### Given material:
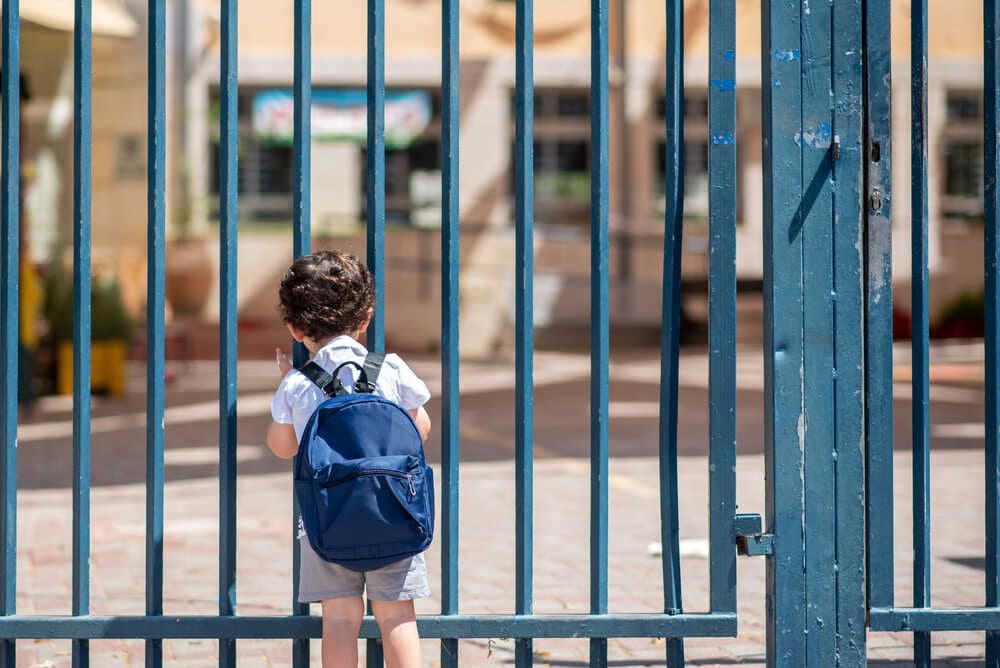 Kid,with,school,backpack,look,on,schoolyard,towards,an,open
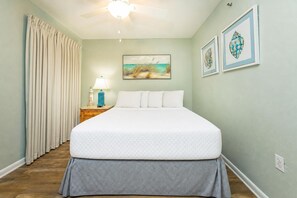 Une chambre à coucher avec un lit, une table de chevet, une lampe, un ventilateur de plafond et des œuvres d’art accrochées au mur.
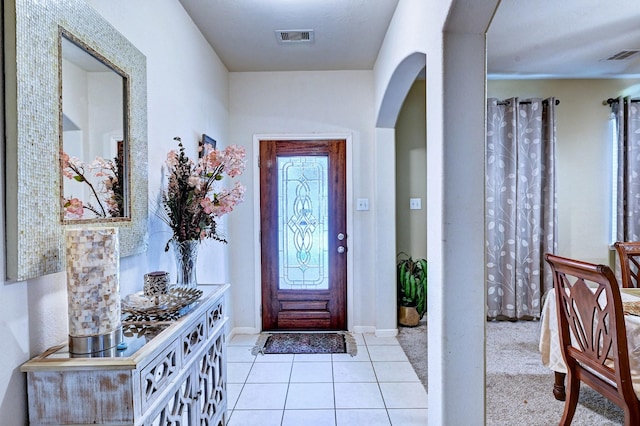 entrance foyer featuring light tile patterned flooring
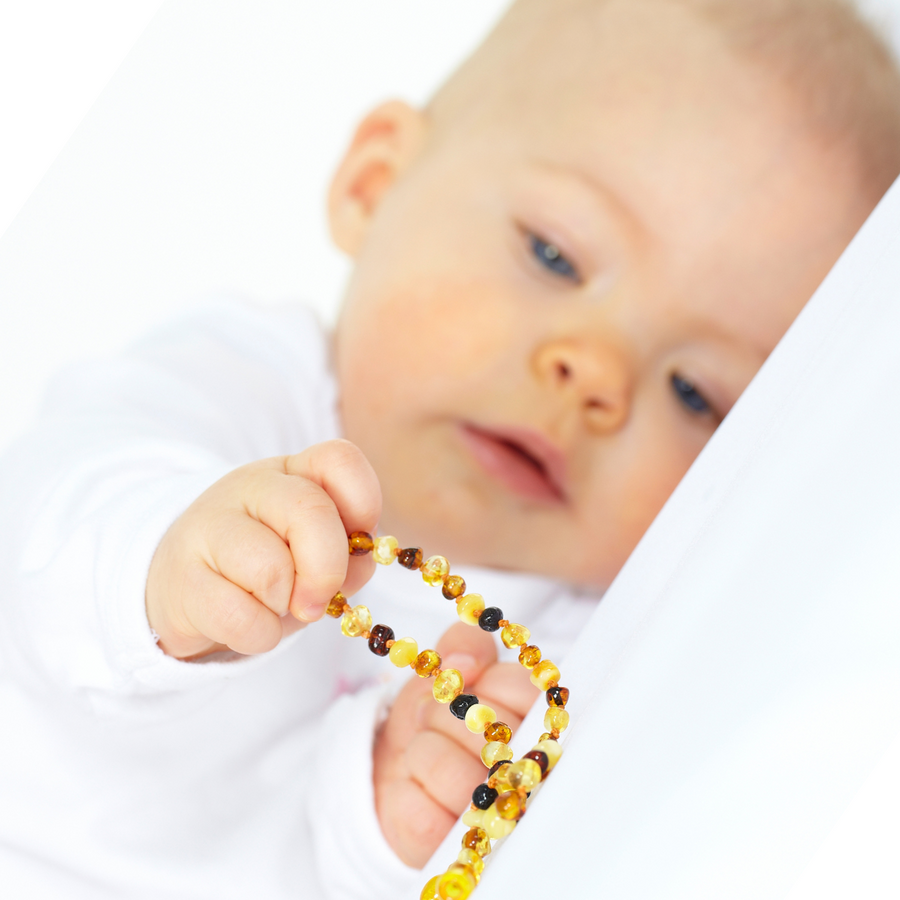 Collier Ambre Bébé dans les mains d'un bébé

### Task item:
Beginning with the line that contains "entrance foyer featuring", output each line of the material above through the last one exactly as it stands. Do not include the pictures.

### Answer for this exercise:
 entrance foyer featuring light tile patterned flooring
 Collier Ambre Bébé dans les mains d'un bébé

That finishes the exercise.